Die Magie des Drehmoments. Spannend wird’s auf der Fahrt beziehungsweise noch im Stand, denn zunächst hört man nach dem Start nichts vom 143 PS/105 kW starken Zweiliter-Benziner. Dies liegt an Hondas e:HEV-Hybridsystem, bei dem zwei Elektromotoren mit von der Partie sind: ein kleiner als Generator und einer mit 184 PS/125 kW für den Antrieb: Fertig ist der Vollhybrid-Prelude. Anfänglich übernimmt also die flüsterleise Stromriege die Arbeit. Fortan schaltet sich der Otto-Motor automatisch hinzu oder wechselt sich mit dem E-Motor ab – je nach Fahrzustand, der vom Gasfuß des Menschen am Steuer abhängig ist. Bereits vor Fahrtantritt macht Ko Yamamoto, Technischer Honda-Berater Europa, auf etwas ganz anderes aufmerksam: „Mancher ist zunächst erstaunt über die Systemleistung von 184 Pferdestärken und verlangt vollmundig nach mindestens 250 PS bei einem Leistungsträger wie dem Prelude.“ Der japanische Hersteller hat sich aber für den cleveren e:HEV-Weg entschieden, dessen Zweifler schnell eines Besseren belehrt werden. Yamamoto erläutert die Magie des Drehmoments: „300 Newtonmeter, die schnellstens anliegen, darin liegt die Freude und Leistungsfähigkeit auf Tour.“ Recht hat er. Auf Wunsch wieselt der Wagen eben wegen dieser Magie pfeilschnell voran.

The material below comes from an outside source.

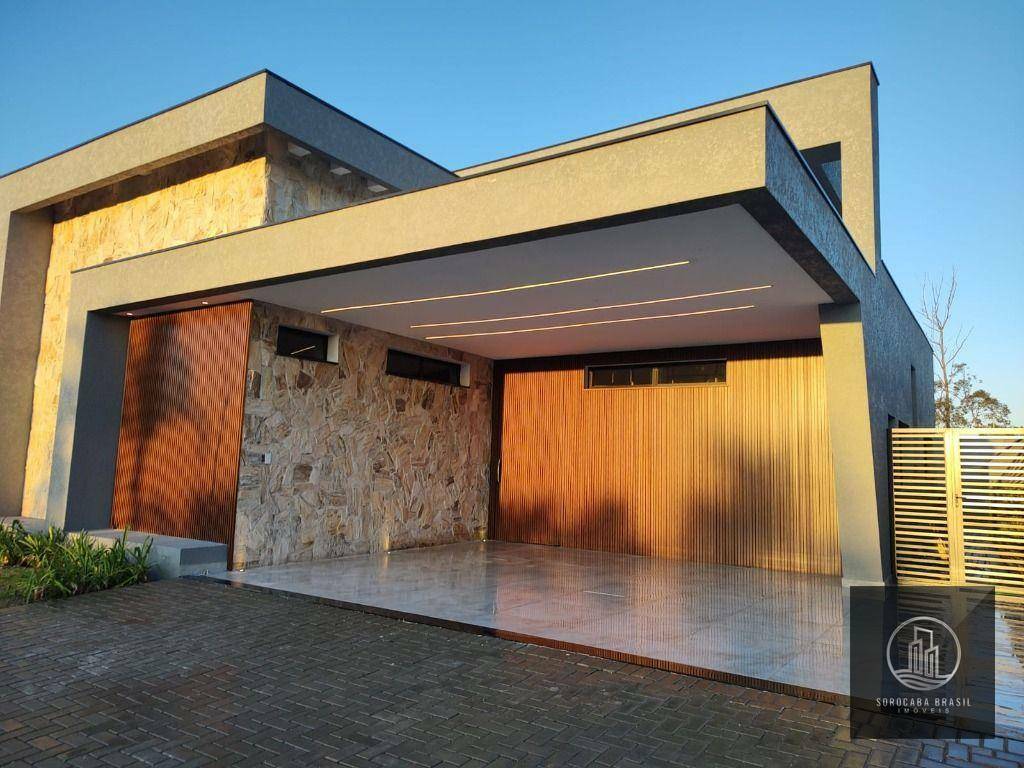 Casa de Condomínio à venda com 3 quartos, 243m² - Foto 2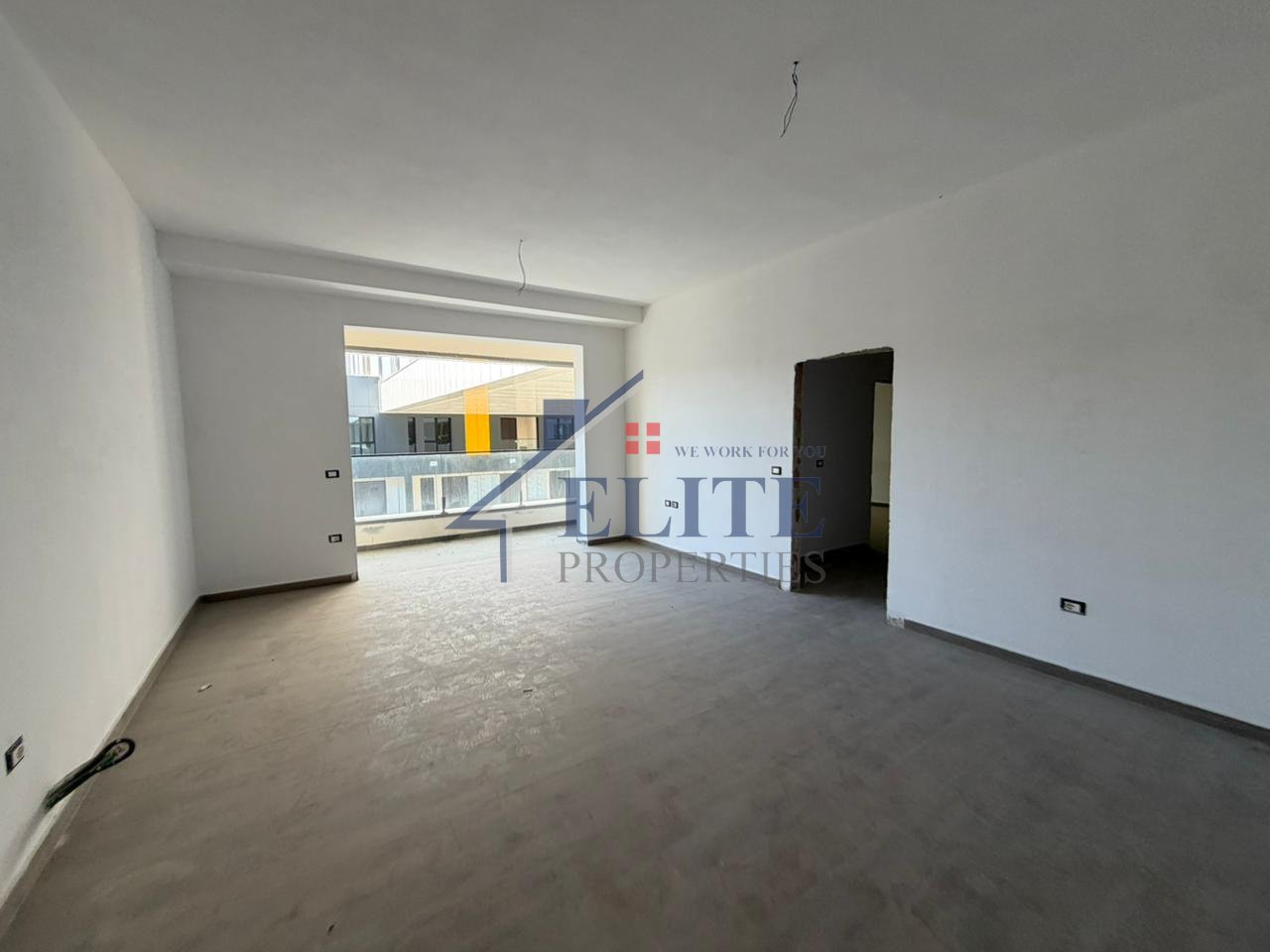 Square 21 Rruga e Kavajës, apartament 3+1 në shitje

Kombiniert man dann noch innerhalb der vier Fahrprogramme Comfort, GT, Sport und Individual in der Sport-Abteilung das S+ Shift-System, ist die Simulation automatischer Gangwechsel per Schaltwippen am Lenkrad aktiviert: Schaltvorgänge werden markant hörbar und durch leichte Ruckler fühlbar. Da geht die Post ab! Fakt ist, dass Spielernaturen, die gerne mit den Fahr-Einstellungen und bis hin zu sieben verschiedenen Stärken der Bremsenergierückgewinnung unterwegs sind, beim Prelude voll auf ihre Kosten kommen. Ein Manko aber bleibt, das Liebhaber der flottesten Gangart zu verschmerzen bereit sein müssen: Die Höchstgeschwindigkeit ist bei 188 km/h erreicht, was weltweit betrachtet mehr als ausreicht.  

Vorspiel im kommenden Frühjahr. Das Honda-Coupé, dessen traditioneller Name Prelude „Vorspiel“ bedeutet, steht nach derzeitiger Planung ab Frühjahr 2026 zum Einstiegspreis von 49.500 Euro bei den Händlern. Das Auto ist in den vier Lackierungen Weiß, Grau, Schwarz und Blau erhältlich. Wenn man den Andeutungen glauben darf, könnte später auch noch Rot hinzukommen, womit an den Prelude von 1978 angeknüpft würde.  

Autogramm

Honda Prelude 2.0 i-MMD Hybrid

Typ: Coupé; Preis: 49.500 Euro; Länge: 4,53 Meter; Breite: 1,88 Meter; Höhe: 1,35 Meter; Radstand: 2,60 Meter; Leergewicht: 1480 Kilogramm; Zuladung: 370 Kilogramm; Kofferraum: 264-760 Liter; Sitze: vier; Tankinhalt: 40 Liter; Motor: Otto-Vierzylinder; Hubraum: 1993 Kubikzentimeter; Leistung: 143 PS/105 kW bei 5900 U/min; Drehmoment: 186 Newtonmeter bei 4500 U/min; Elektromotor: 184 PS/135 kW; Drehmoment: 315 Newtonmeter; Getriebe: Automatik; Spitze: 188 km/h; 0 auf 100 km/h: 8,2 Sekunden; Normverbrauch: 5,2 Liter Super, CO2-Ausstoß: 117  Gramm/km.